Hi, I just got hands on H1000, could someone guide me on how to correctly build pytorch from source?
Have you taken a look at the build from source instructions: pytorch/pytorch: Tensors and Dynamic neural networks in Python with strong GPU acceleration (github.com)?
Note that if you are building from source in order to have H100/sm90 support this is not needed as any PyTorch built with CUDA 11.8 or higher would have it (e.g., the current stable release which can be installed via
pip3 install torch torchvision torchaudio --index-url https://download.pytorch.org/whl/cu118).
I found this post: Installing CUDA 12.1.1 + PyTorch nightly + Python 3.10 on Ubuntu 22.10 · GitHub which is very helpful, However, it shows
NVIDIA H100 PCIe with CUDA capability sm_90 is not compatible with the current PyTorch installation.
The current PyTorch install supports CUDA capabilities sm_89.

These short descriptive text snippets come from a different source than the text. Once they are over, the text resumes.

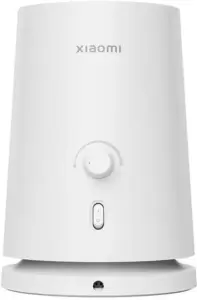 Xiaomi Mi Desktop Heater (BHR8940EU)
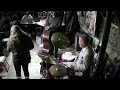 Joe Farnsworth Quartet - Live At Smalls Jazz Club - 4/17/23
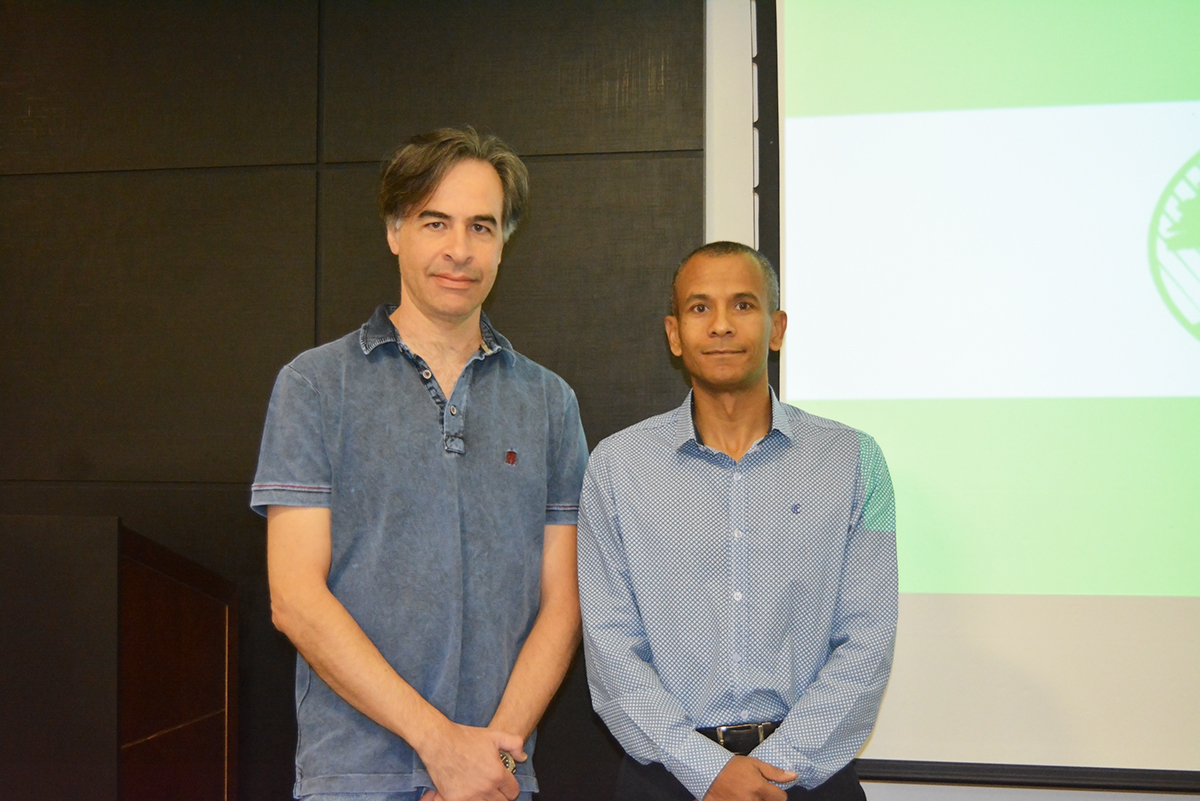 cezarepalestrante1200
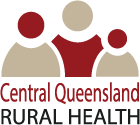 1554_cq_rural_health_logo_for_website1673331862.png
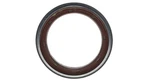 Skf Drive Axle Shaft Seal 2017-2022 Ford F-350 Super Duty 32566A. Fixed Price $38.31.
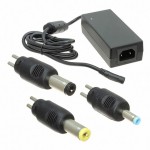 TR9WB6722T00CIMR6B Picture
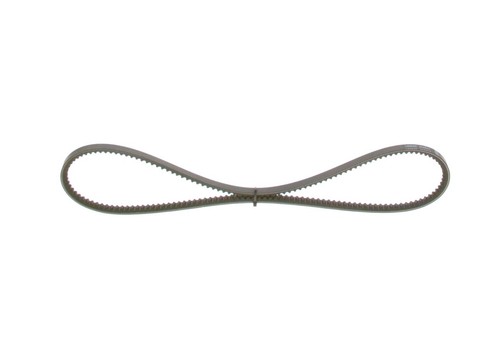 Belt bosch fits - bosch,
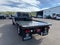 2024 RAM 3500 Chassis Cab Tradesman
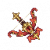 拜蒙碎片III(开花).png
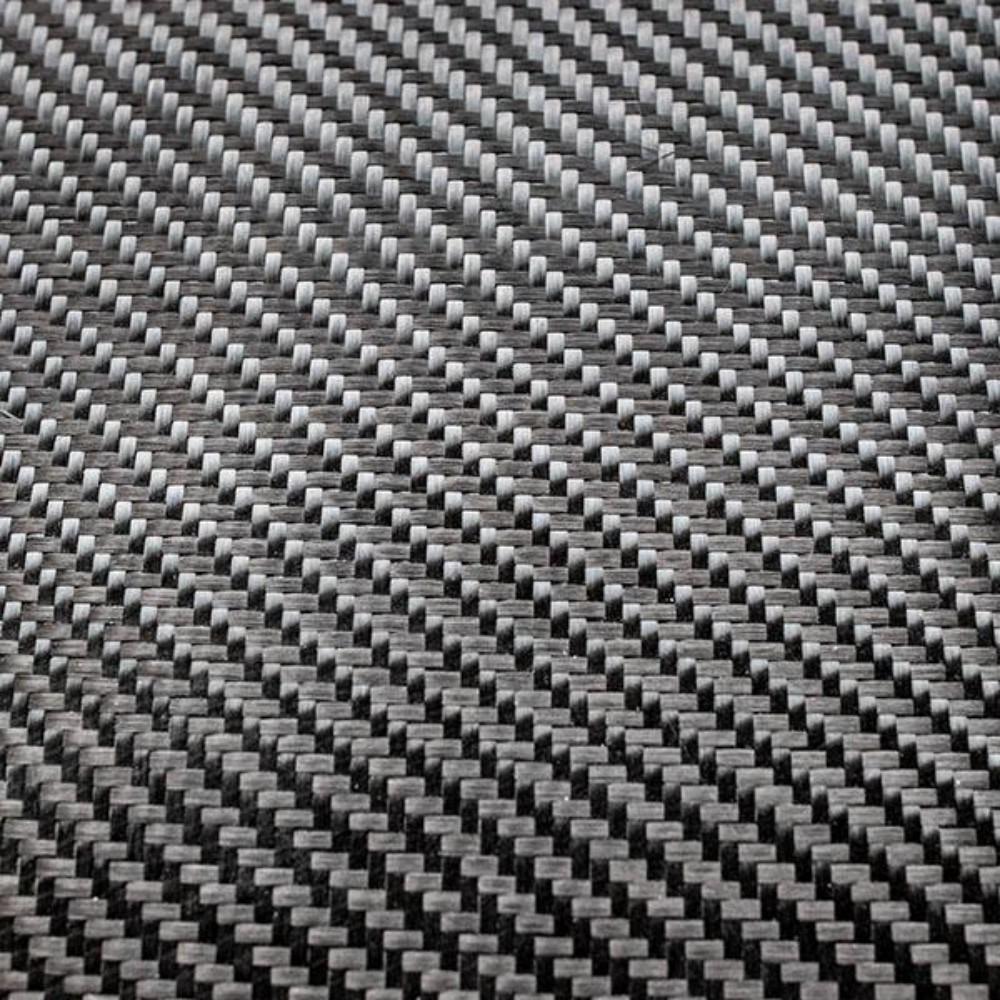 carbon fiber composite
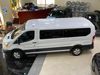 2018 Ford Transit XLT Passenger Wagon | Worth, IL | Titan Auto Sales 2018 Ford Transit XLT Passenger Wagon | Worth, IL | Titan Auto Sales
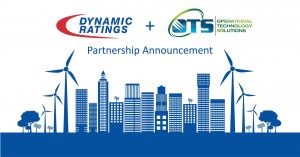 OTS Partnership with Dynamic Ratings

If you want to use the NVIDIA H100 PCIe GPU with PyTorch, please check the instructions at Start Locally | PyTorch
Right, you are getting that error message because that guide is specific to sm89/Ada, as there is
TORCH_CUDA_ARCH_LIST=8.9 in the build command. If you change that to
TORCH_CUDA_ARCH_LIST=9.0, then it would work with sm90/H100. The reason the start locally instructions are linked (same as the install command I posted) is that the prebuilt binaries are compiled with support for a wide range of compute capabilities, including both sm89 and sm90.
awesome thanks a lot!